Tendons attach muscles to bones. The elbow has an upper arm bone (humerus) and two bones in the forearm (ulna and radius). Bony bulges on the inside and outside of the elbow are the epicondyle part of the upper bone. Tendons of forearm muscles, responsible mainly for flexing and extending the wrist, attach to these bulges.
Inflammation of the outer tendons (for extending the wrist) has the medical name lateral epicondylitis. The common name “tennis elbow” is used because the problem often results from playing tennis or similar repetitive motion. Inflammation of inner tendons (for flexing the wrist) is medial epicondylitis, or “golfer’s elbow.”
The usual cause is overusing the arm, often related to work or sports. Carpenters, factory workers, musicians, and cashiers, who use their hands repeatedly, can have this problem. An injury, such as from lifting something that’s too heavy, can also cause it.
The forearm becomes tender and painful. Burning feelings going down the arm from the elbow also occur. Pain may first be felt only when using the arm, but later pain may be constant, even at rest. The hand grip may be weak, and it may be hard to lift or grasp objects, or to do simple tasks (writing, brushing teeth).
The health care provider makes a diagnosis by the medical history and physical examination (shoulder, arm, and wrist). Resistance against extending the wrist or flexing it can bring on pain.
The health care provider may order other tests or x-rays to rule out other conditions with similar symptoms. These conditions include arthritis, cervical spine disease, neuropathy, and pinched nerve. The health care provider may also order magnetic resonance imaging (MRI) to get a better view of inflamed tendons and to rule out a ruptured tendon.
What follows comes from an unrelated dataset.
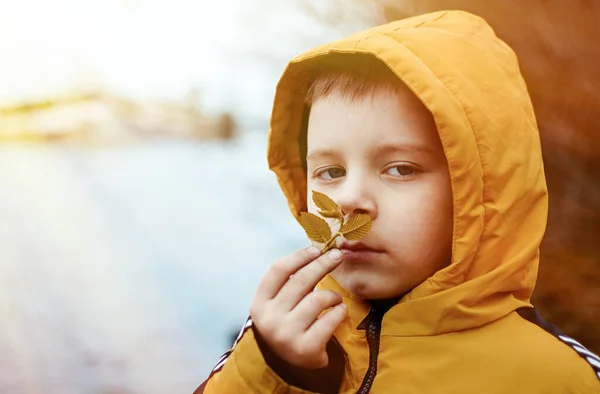 Niño Olfateando Una Hoja — Foto de Stock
Treatment involves rest and restricting activities that may have started the problem. Using ice after exercise and rest and special stretching and strengthening exercises often help. People should also lift objects with their palms facing upward to decrease stress on the elbow.
Wrapping the elbow with an elastic sleeve keeps the arm warm and helps flexibility. A physical therapist may oversee treatment and prescribe ultrasound treatment.
The health care provider may prescribe antiinflammatory medicines (ibuprofen, naproxen).
If the pain continues, cortisone injections can be tried.